University of Montana researchers have published new insights in the journal Science on how bacteria cause infections, which may help with future infection treatments.
Rather than studying bacteria, the researchers studied viruses that infect pathogenic bacteria, known as bacteriophages, as part of a National Institutes of Health grant to help develop a vaccine against bacterial infection.
“Bacteriophages are typically viewed as bacterial parasites,” said Patrick Secor, an assistant professor at UM and a co-author on the paper. “Because of the increasing prevalence of antibiotic-resistant bacteria, people are really getting interested in using bacteriophages (phage therapy) as an alternative to antibiotics to kill pathogenic bacteria.”
The bacteriophage used for phage therapy kill their bacterial hosts. Bacteriophages are diverse and considered the most prevalent biological entity on the planet.
“When we looked for bacteriophages that infected the bacterial pathogen Pseudomonas aeruginosa, we found that most strains were infected with bacteriophages called Pf that do not kill their bacterial host,” Secor said.
When Secor and researchers at Stanford University looked for Pf bacteriophage in human wounds, they were surprised to find large numbers of the filamentous bacteriophage — an average of one million Pf bacteriophages per swab.

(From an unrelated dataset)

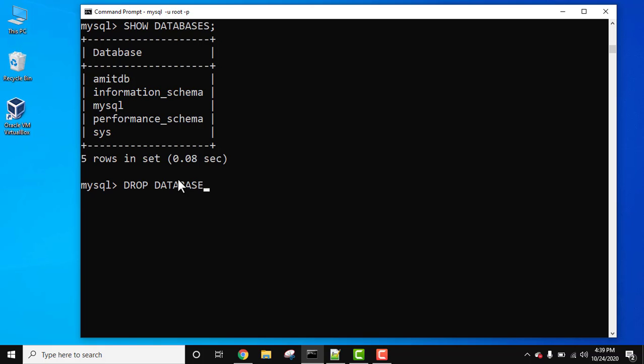All the tables from a database and everything. Now mention the name of the database: AmitDB. DROP DATABASE statement, then the name of the database, semicolon, and press Enter.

Secor and his group previously had made discoveries on how Pf bacteriophages affect bacterial virulence.
“Eventually, we asked ourselves if it was possible that these Pf bacteriophages interacted directly with the human immune system,” Secor said.
Secor and collaborators at Stanford University discovered that Pf bacteriophages are recognized as viruses by immune cells, and the same cell-surface receptors that recognize cold viruses also recognize bacteriophage.
“This was a key finding,” Secor said. “These bacteriophages are inducing an anti-viral response, which is an inappropriate immune response in the face of a bacterial infection.”
The researchers believe this inappropriate immune response allows the bacteria to gain a foothold in wounds or lungs to establish an infection. The researchers hope that their findings will spur new research into developing therapeutic strategies to treat bacterial infections through targeting bacteriophage.